De l’eau du robinet, le 11 avril 2014. / AFP / FRANCK FIFE

C’est une contamination qui toucherait 6,4 millions de personnes. L’Association pour le contrôle de la radioactivité dans l’Ouest (ACRO) a dénoncé mercredi 18 juillet une « contamination » radioactive de l’eau potable en France.

« 6,4 millions de personnes sont alimentées par de l’eau contaminée au tritium » selon « des données fournies par le ministère de la santé », affirme le laboratoire basé à Hérouville-Saint-Clair, dans l’agglomération de Caen, dans un communiqué. « Aucune valeur ne dépasse le critère de qualité de 100 Bq/L (becquerel par litre) instauré par les autorités sanitaires », précise toutefois l’association, qui regroupe de nombreux scientifiques.

Selon l’Institut de radioprotection et de sûreté nucléaire (IRSN), bras technique de l’Autorité de sûreté nucléaire (ASN), « le code de la santé publique fixe une référence de qualité de 100 Bq/L pour le tritium qui ne représente pas une limite sanitaire mais un seuil qui, lorsqu’il est dépassé, entraîne une investigation complémentaire pour caractériser la radioactivité de l’eau ».

Par ailleurs, l’Organisation mondiale de la santé (OMS) recommande « une valeur guide de 10 000 Bq/L pour le tritium dans l’eau de boisson, à considérer en cas de consommation permanente de l’eau », selon l’IRSN. Interrogé par Le Canard enchaîné, EDF a contesté ces arguments, assurant respecter les seuils de rejets radioactifs.

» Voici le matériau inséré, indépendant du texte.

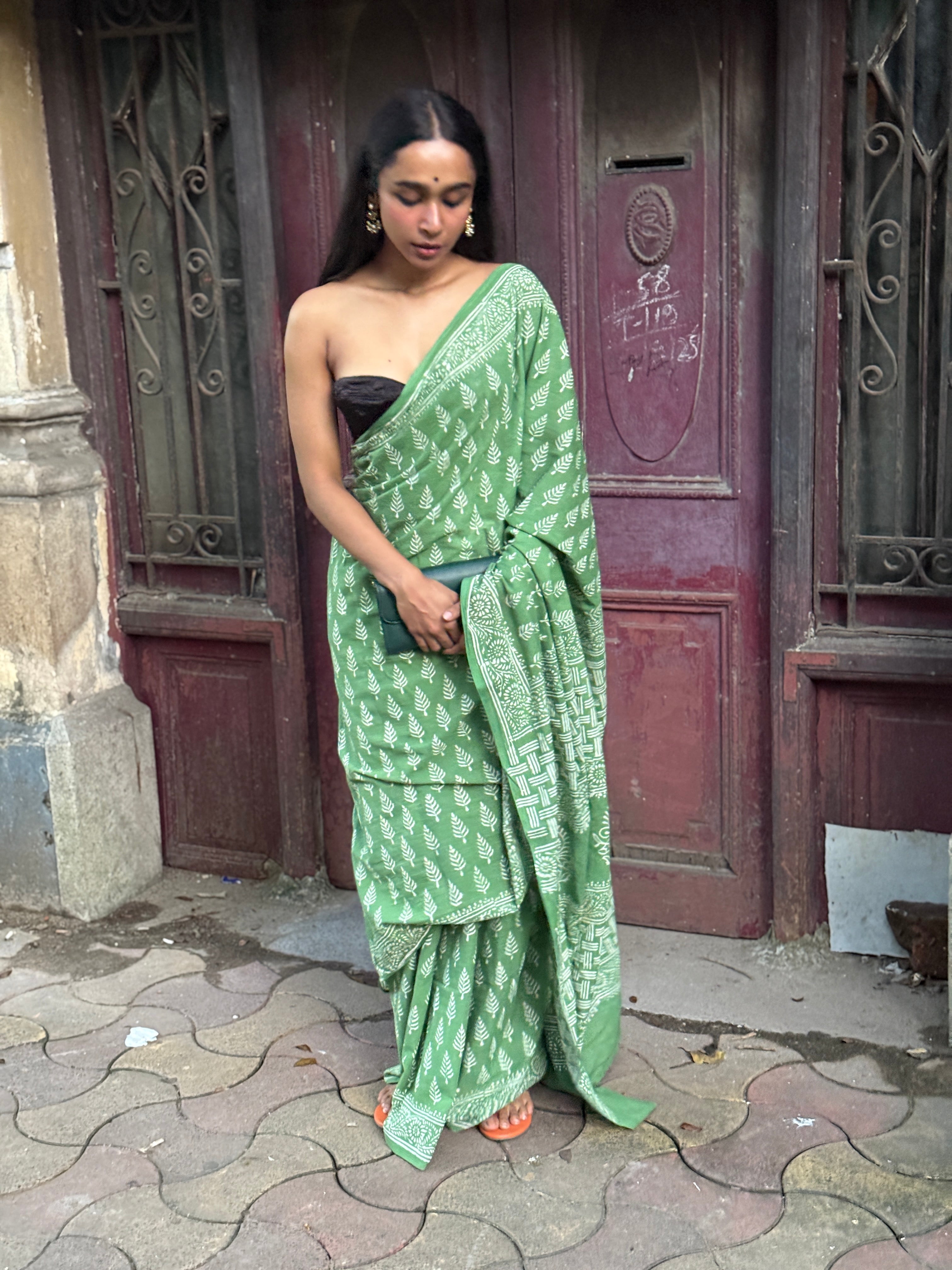 Green Hand Block Printed Cotton Sari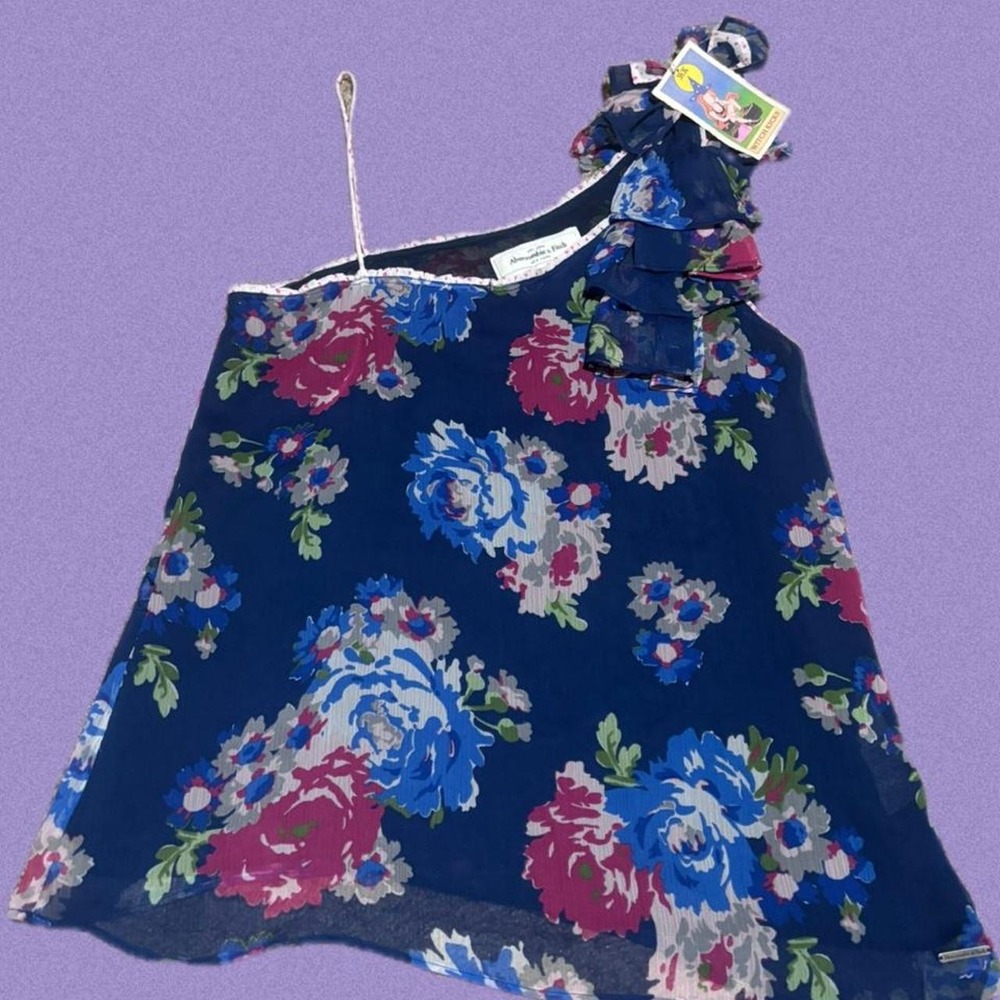 Vintage Abercrombie & Fitch Blue Floral One Shoulder Tank Top Y2K Ruffle Women M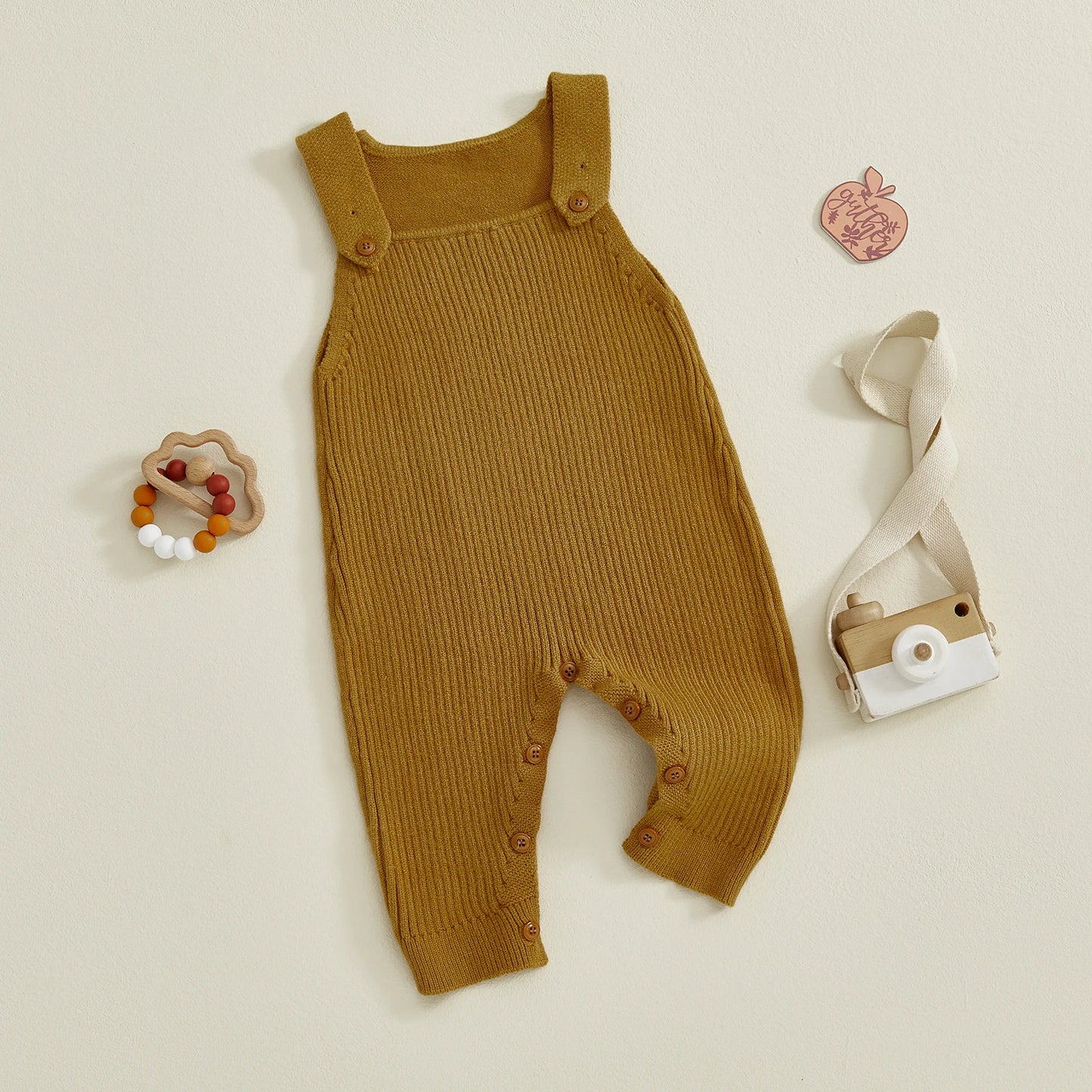 Baby Boys Girls Knit Jumpsuit Sleeveless Square Neck Solid Color Rompers Overalls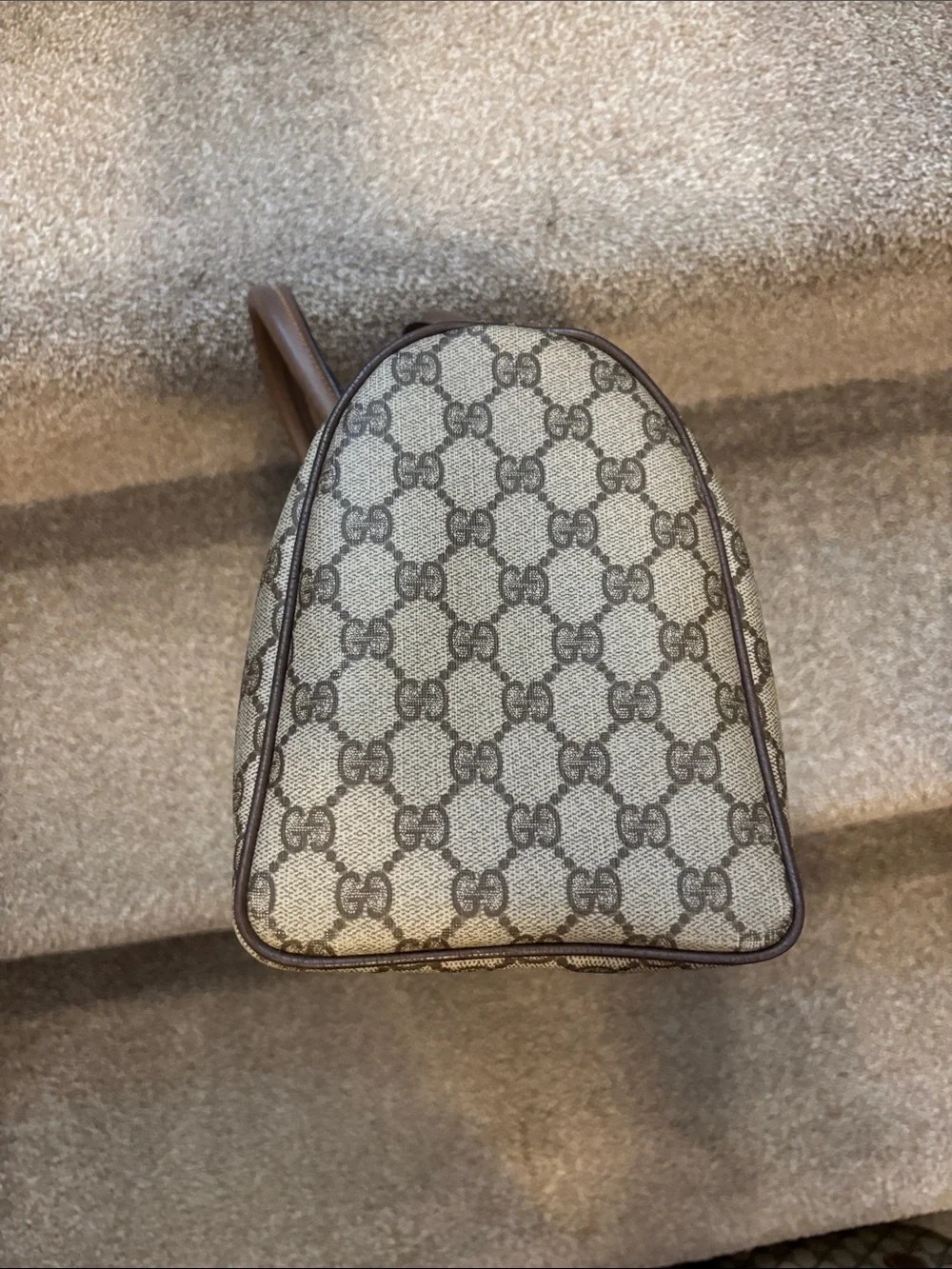 Gucci Brown GG Supreme Canvas Satchel with Gold Hardware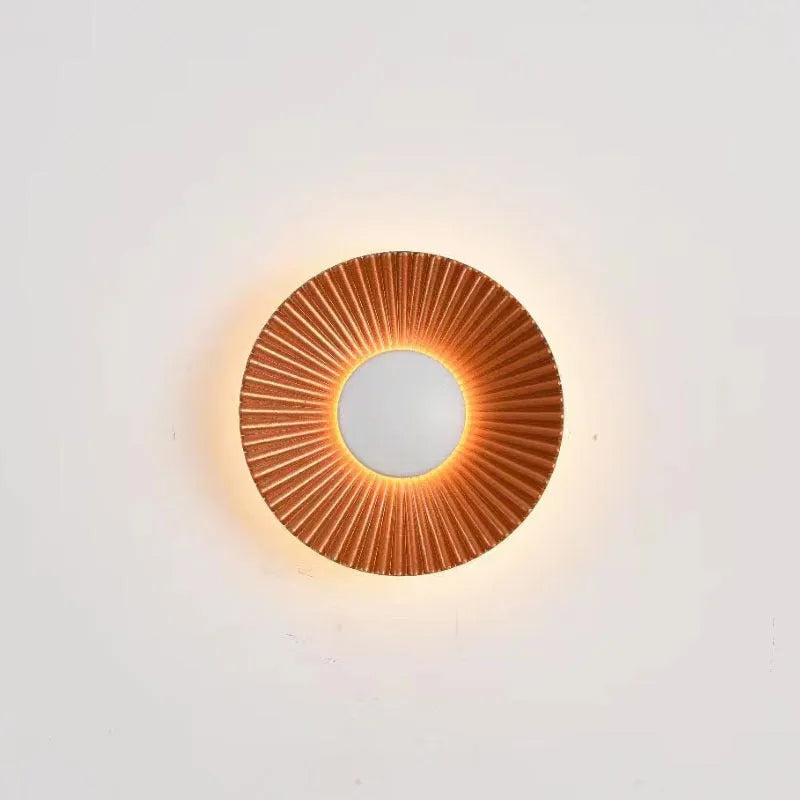 Round aluminium wall lamp with LED lighting in white and gold colour combination for bedroom or living room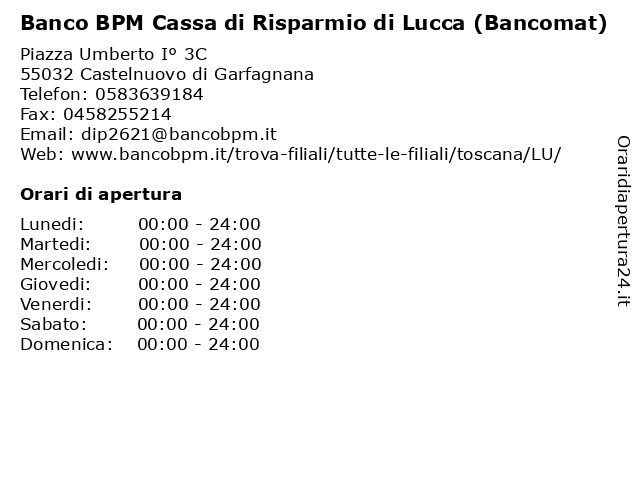 Cassa di Risparmio di Lucca (Bancomat) a Castelnuovo di Garfagnana: indirizzo e orari di apertura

L’entreprise considère par ailleurs que les risques pour la santé sont nuls : « La quantité de tritium dans l’eau du robinet est 170 fois au-dessous de la valeur à ne pas dépasser fixé par l’OMS. »

268 communes concernées

Mais « la présence régulière dans l’eau du robinet de tritium rejeté par les centrales nucléaires met en évidence un risque de contamination d’autres polluants radioactifs à des niveaux beaucoup plus élevés », argumente l’ACRO. Dans la limite d’un certain seuil, les entreprises sont autorisées à rejeter à l’eau des substances radioactives issues des centrales nucléaires. Le tritium représente 99,95 % de ces rejets, fait savoir Le Canard Enchaîné.

« Le tritium est un lanceur d’alerte : en cas d’accident grave sur une des centrales nucléaires sur la Seine, la Vienne ou la Loire, il n’y aura pas que le tritium rejeté et ce sont des millions de personnes qui risquent d’être privées d’eau potable. »

La « carte exclusive de la contamination radioactive de l’eau potable en France métropolitaine » publiée par l’ACRO à partir des données du ministère, « fait apparaître plusieurs zones avec une présence régulière de tritium dans l’eau du robinet » notamment le long de la Seine, de la Vienne et de la Loire, « à cause des rejets radioactifs » de centrales nucléaires, selon le communiqué.

Selon l’association, 268 communes sont concernées par cette concentration en hydrogène radioactif, dont de « grandes agglomérations » comme Orléans, Blois, Tours, Angers, Nantes, et 122 communes d’Ile-de-France.

Réagissant au communiqué de l’ACRO, la Criirad, autre laboratoire associatif travaillant sur le nucléaire, a dénoncé « la banalisation des contaminations en tritium » et « appelé à ne pas se laisser abuser par les comparaisons avec la référence de qualité de 100 Bq/L et, plus encore, avec la limite dite sanitaire de 10 000 Bq/L » .

« Les autorités acceptent, pour les polluants radioactifs, des niveaux de risque cancérigène plus de 100 fois supérieurs au maximum toléré pour les cancérigènes chimiques ! », affirme, dans un mail à l’Agence France-Presse, l’association basée à Valence, pour qui « la limite applicable à une contamination durable par le tritium ne devrait pas dépasser 10 à 30 Bq/L ».